An estimated 30 million people are victims of human trafficking today, forced into prostitution and to work in slave-like situations.
“One-year-olds are sold for cyber-sex, five-year-olds get to us with their bodies already lacerated,” Flores said.
Tuesday’s conference was a reminder that Catholic women have long been at the forefront of the fight for social equality, a point Pope Francis has recognized.
“[Nuns are] women of strength, fighters, with that spirit of courage which puts you on the front lines in the proclamation of the Gospel,” the pontiff said in an meeting with religious women and men last September during his trip to the United States.
“I wish to say ‘thank you,’ a big thank you… and to tell you that I love you very much.”
In the past three years, Francis also has spoken in favor of women’s rights on various occasions, saying that it’s a “Christian duty” to support the right to equal pay for equal work, and urged the United Nations to guarantee access to education for girls.
The pontiff also has called for more women in decision-making roles within the Church, the Vatican included.
During an intergenerational panel at the conference, several women asked the Vatican to work faster in giving women “a place in the table.”
“Women not only need to be in leadership, but in visible positions of leadership,” said Nicole Perone, a student in Yale’s divinity school. She raised a question many have asked before her: Why can’t there be a female head of the Pontifical Council for the Laity, for instance, or for the Vatican department on family?

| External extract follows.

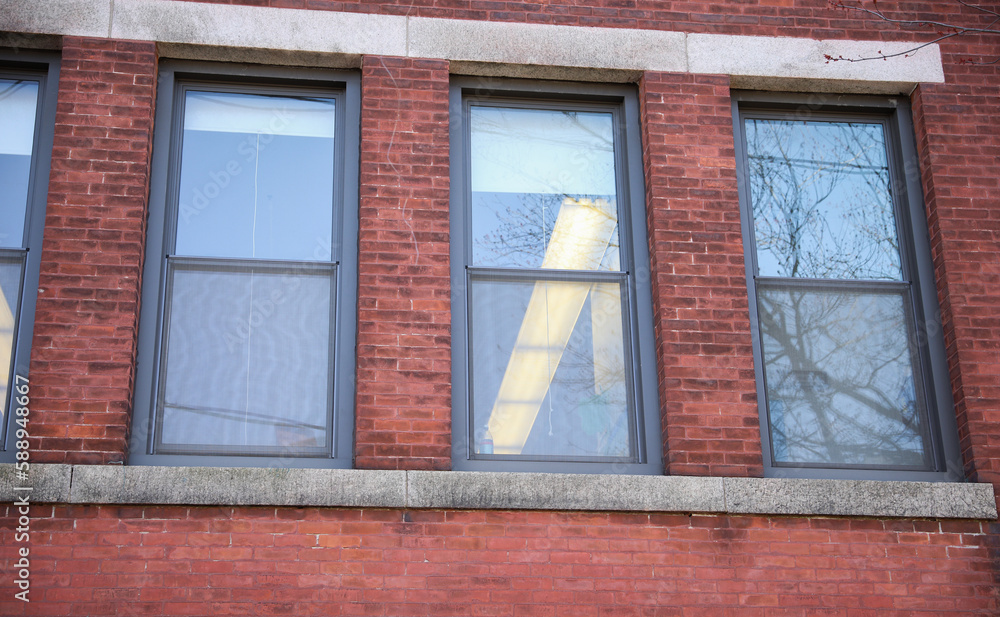 Foto de Old brick buildings symbolize nostalgia, history, durability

“Do we really mean what we say, when we say all are welcome in the Church?” Perone asked.
Carolyn Woo, president of Catholic Relief Services in the United States, pointed out that 80 percent of the Church’s lay ministers today are women. She also highlighted the fact that in many fields, the Church is ahead of the secular world when it comes to women in positions of leadership, noting that the share of women serving as presidents of Catholic universities in the United States is higher than among their secular counterparts.
“We have women leaders in various positions,” Woo said. “The issue is taking it from the occasional to the habitual.”

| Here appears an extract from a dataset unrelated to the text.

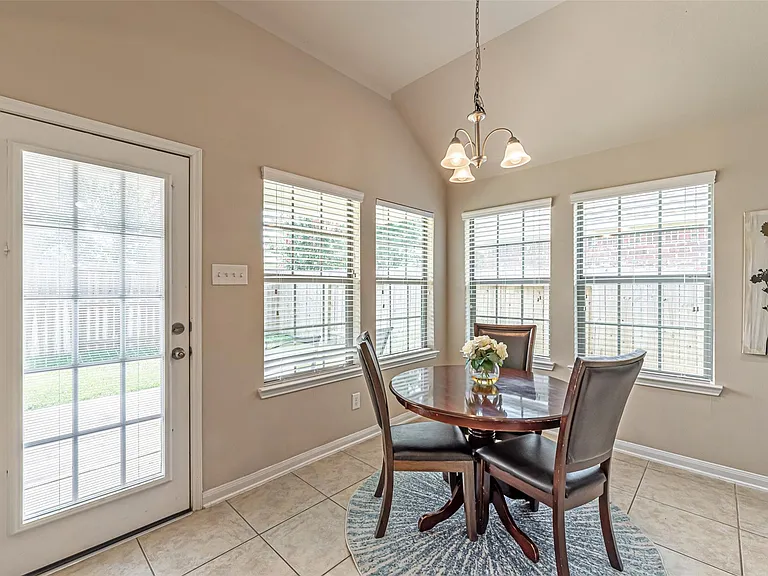 119 Emerald Loch Ln — Photo 19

She also called for women to be engaged in the Church as “family” and not as “guest workers,” and warned against stalling the conversation because the “loudest voice” in favor of women is that lobbying for female ordination.
“Ordination is off the table,” she said. “[But] there’s a suspicion when women speak: is this leading to female ordination?” She said this is unfortunate, because by becoming suspicious, “we stop hearing the voices of women.”
“Different popes, Francis and Benedict [XVI] referred to the term of ‘feminine genius’,” she said. “I also think of women’s sensitivity, their ability to care, it’s wonderful, but what about women as social critics and social activists, like Dorothy Day?”
Woo suggested the Church should encourage not only women who are tender and nurturing, but also those who are tough and “scandalous” such as Day, the founder of the Catholic Worker movement and a fierce social critic.